Google News not indexing .index.html pages
-
Hi all,
we've been asked by a blog to help them better indexing and ranking on Google News (with the site being already included in Google News with poor results)
The blog had a chronicle URL duplication problem with each post existing with 3 different URLs:
#1) www.domain.com/post.html (currently in noindex for editorial choices as showing all the comments)
#2) www.domain.com/post/index.html (currently indexed showing only top comments)
#3) www.domain.com/post/ (very same as #2)
We've chosen URL #2 (/index.html) as canonical URL, and included a rel=canonical tag on URL #3 (/) linking to URL #2.
Also we've submitted yesterday a Google News sitemap including consistently the list of URLs #2 from the last 48h . The sitemap has been properly "digested" by Google and shows that all URLs have been sent and indexed.However if we use the site:domain.com command on Google News we see something completely different: Google News has indexed actually only some news and more specifically only the URLs #3 type (ending with the trailing slash instead of /index.html). Why ? What's wrong ?

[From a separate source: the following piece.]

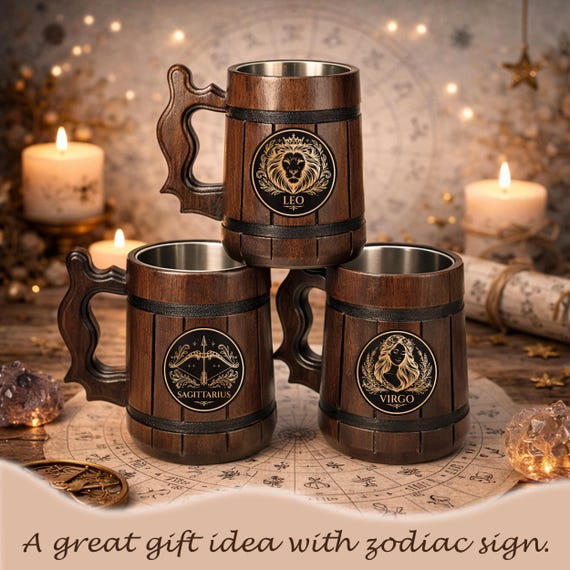 Custom Zodiac Tankard, Personalized Wooden Beer Mug, 17oz/500ml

a) Does Google News bot have problems indexing URLs ending with .index.html ? While figuring out what's wrong we've found out that http://news.google.it/news/search?aq=f&pz=1&cf=all&ned=us&hl=en&q=inurl%3Aindex.html gives no results...it seems that Google News index overall does not include any URLs ending with /index.html
b) Does Google News bot recognise rel=canonical tag ?
c) Is it just a matter of time and then Google News will pick up the right URLs (/index.html) and/or shall we communicate Google News team any changes ?
d) Any suggestions ? OR Shall we do the other way around. meaning make URL #3 the canonical one ?
While Google News is showing these problems, Google Web search has actually well received the changes, so we don't know what to do.
Thanks for your help,
Matteo
-
To follow up on this.
Look what I've found in the Google News Forum:
http://www.google.com/support/forum/p/news/thread?tid=248ef4e6fe372e91&hl=en
The problem is almost the same. Google News not indexing URLs with the trailing index.html.
The only person who answered was a Top Contributor suggesting to contact directly Google News team.
-
Hmmm, that is strange! Check a cached version of one of your URLs to make sure they new version is in the index. If it is, maybe you should switch to option 3.
I am not sure what if any the implications would be of leaving it the way you have it.
Since it is in 2 different areas of search I am not sure that duplicate content issues apply if you were to just leave it be.
-
hey Roger,
Look the CNN seems to have exactly the same "problem" as we do.
They have the "/" article indexed in google news and the index.html version on the non-google news index. They did exavtly what we did, putting a rel=canonical on the "/" version to the "index.html" one. Despite this the "/" version is still the only one showing up on google news
Here is the screenshot just in case
and here the two versions of the same article:
- http://edition.cnn.com/2011/POLITICS/04/22/obama.campaign/
- http://edition.cnn.com/2011/POLITICS/04/22/obama.campaign/index.html
-
They seem to meet these requirements. The only one that is a problem is requirement #3, but it clearly states that is waived with News sitemaps which Matteo said they submitted.
With that said I do like Matteo's option #1 better than the naming convention they chose to go with.
-
It does sound weird, but I am not sure that search operator works in Google News.
Here is a simple test. Search Google News for "Google"
The second story I see is http://phandroid.com/2011/04/22/will-spotify-be-google-musics-savior/
However a Google News search for "inurl:will-spotify-be-google-musics-savior" returns no results.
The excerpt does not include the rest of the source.